Hypercalcemia and elevated concentration of vitamin D: A case report too easy to be true.

Clin Chim Acta

Laboratoire d'hormonologie, CHU de Bordeaux, 33604 Pessac, France; Groupe de Biologie Spécialisé, Société Française de Médecine Nucléaire, 75270 Paris, France; Laboratoire Nutrition et Neurobiologie intégrée, UMR 1286, Université de Bordeaux, 33076 Bordeaux, France. Electronic address:

Published: June 2016

Background: Endogenous (heterophile, human anti-animal …) antibodies are a known cause of interference in immunoassays.

Case Report: A patient with hypercalcemia and low PTH levels was investigated. The serum 25OH vitamin D (25OHD) concentration was above the analytical range of the automated analyser (>150ng/mL) but serum dilutions were not linear. A myeloma-related monoclonal peak of immunoglobulin G (30g/L) was found.
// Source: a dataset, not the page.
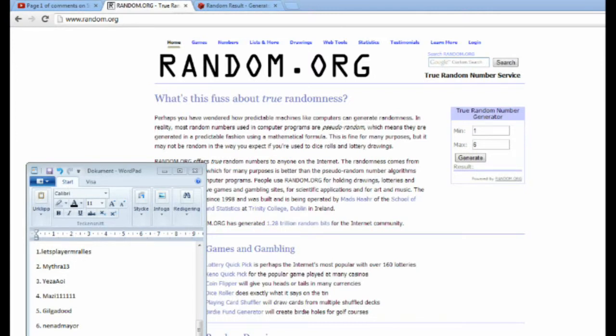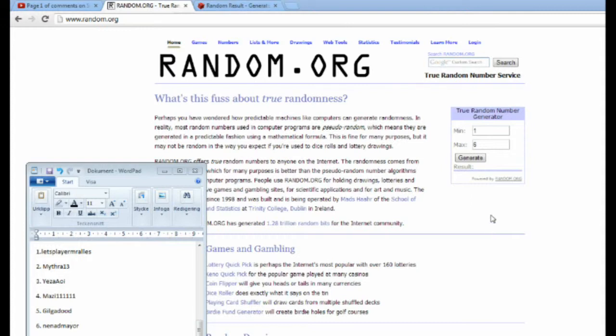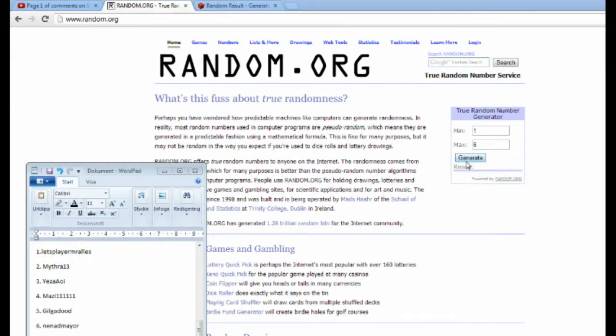So let's get to it. Six people participated and only one can win as I said, so we're gonna click on this generate button here and generate a number between one to six.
Results: Alternative 25OHD assays (RIA, automated analysers, mass spectrometry) all found concentrations <25ng/mL. NabTM columns (Thermo Scientific) eliminated the endogenous immunoglobulin from the serum thus allowing the initial analyser to provide correct results.

Discussion And Conclusion: The potentially misleading point was that the apparent very high 25OHD levels were concomitant with hypercalcemia and low PTH levels thus mimicking vitamin D intoxication. Identifying assay interferences requires clinical awareness but, when suspected, one should be aware that technical tools or alternate assays are available to correct some interferences, including monoclonal immunoglobulins.